*Exercise aim*. Repeat the data that follows verbatim. Images are not part of the copy.

⁂

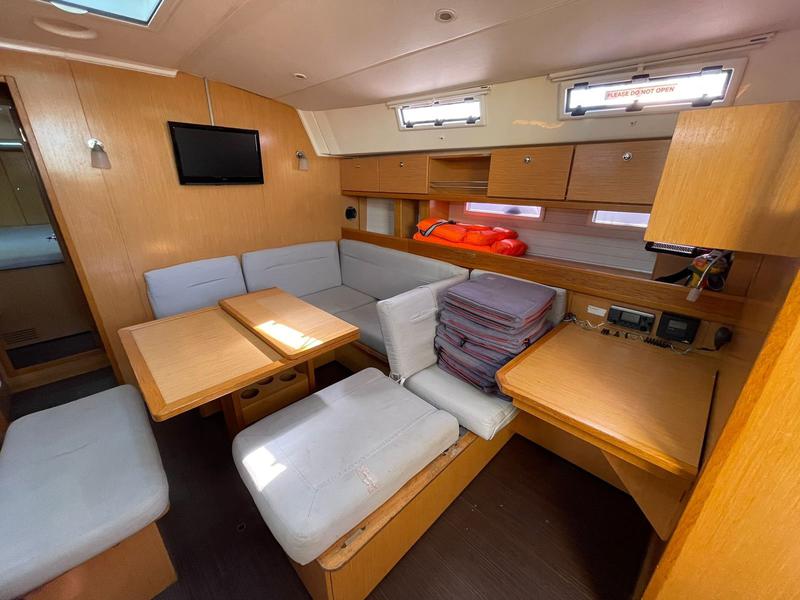 Book yachts online - sailboat - Bavaria 45 Cruiser - Arethousa - rent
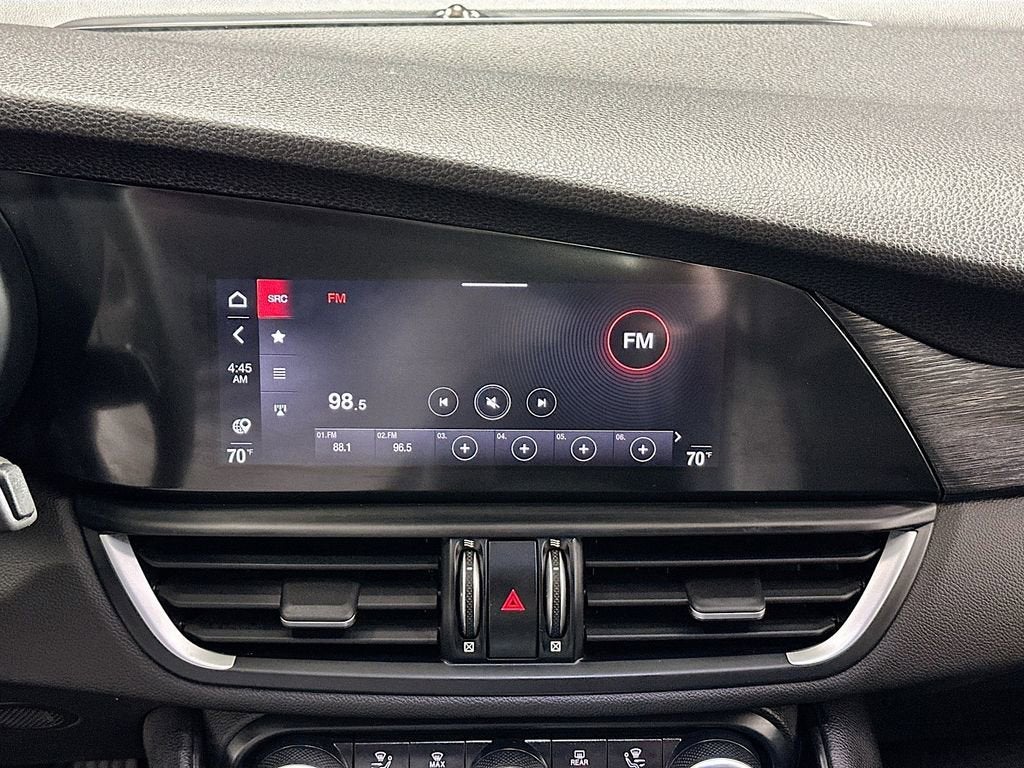 2021 Alfa Romeo Giulia Base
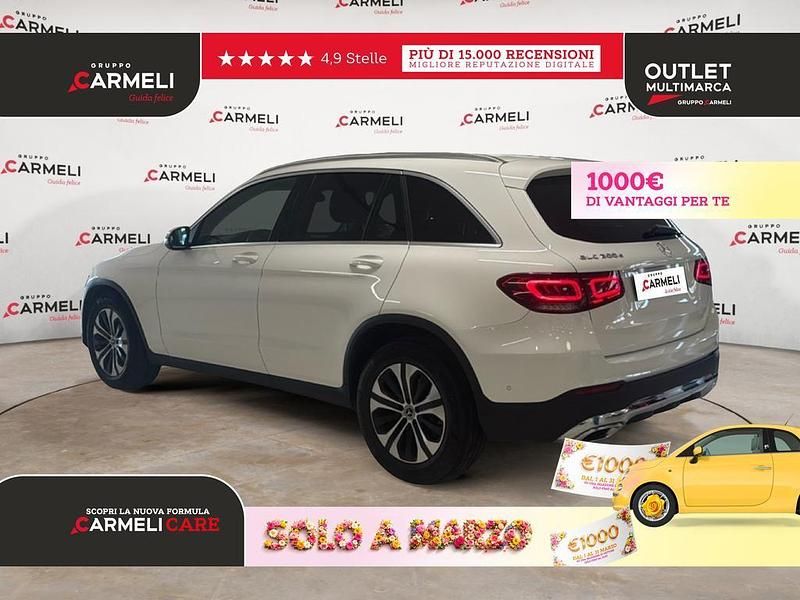 Usata Mercedes GLC200 163 CV (119 kW) 2020 Bianco SUV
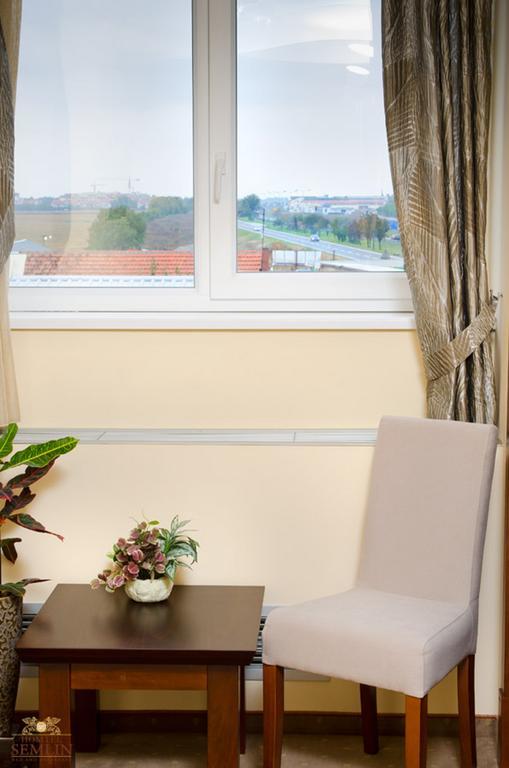 Garni Hotel Semlin B&B Belgrade Room photo
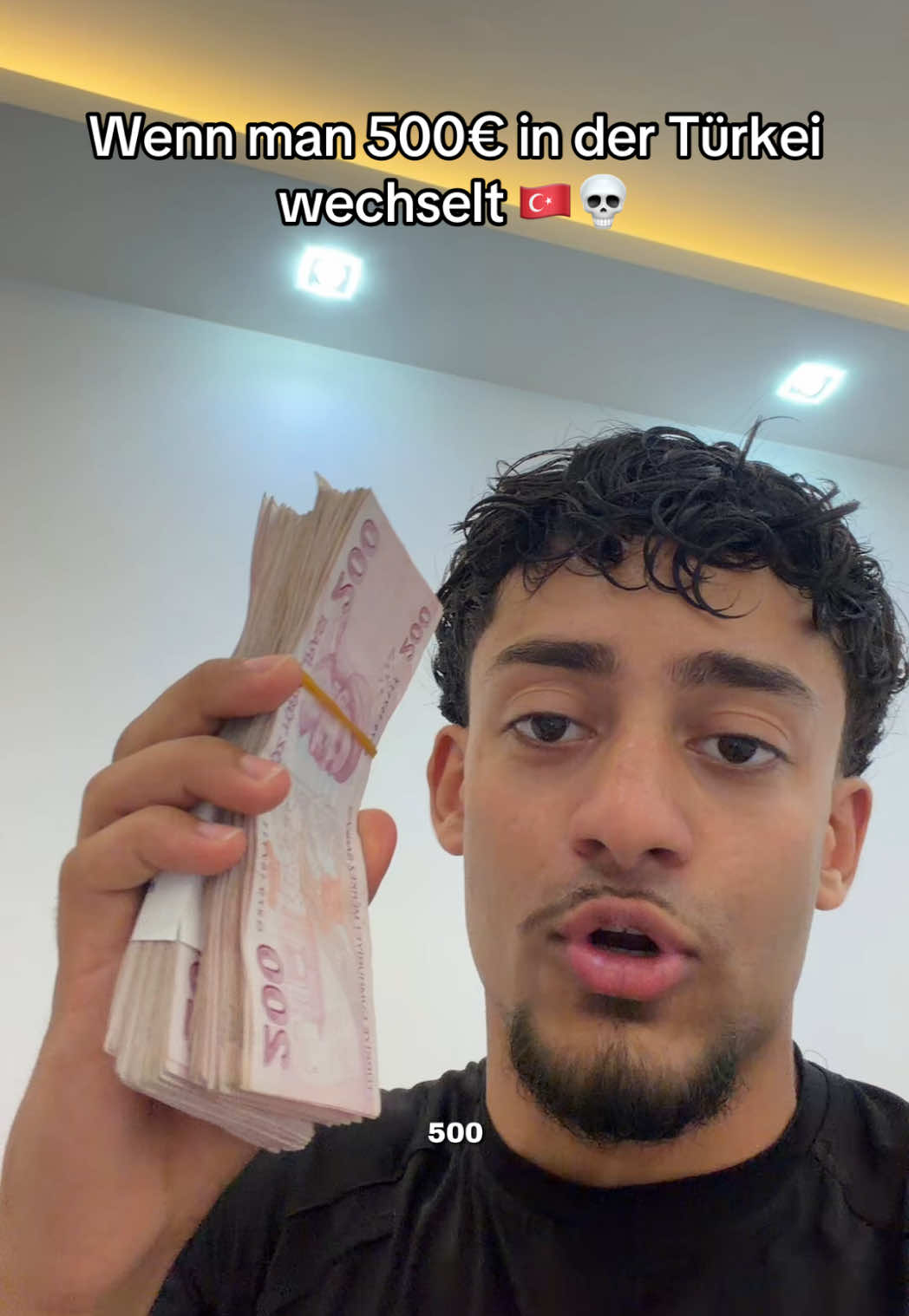 @𝐄 𝐌 𝐈 𝐍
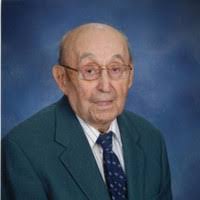 Leo Yoder's Instagram, Twitter & Facebook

⁂

*Exercise solution*.
 Book yachts online - sailboat - Bavaria 45 Cruiser - Arethousa - rent
 2021 Alfa Romeo Giulia Base
 Usata Mercedes GLC200 163 CV (119 kW) 2020 Bianco SUV
 Garni Hotel Semlin B&B Belgrade Room photo
 @𝐄 𝐌 𝐈 𝐍
 Leo Yoder's Instagram, Twitter & Facebook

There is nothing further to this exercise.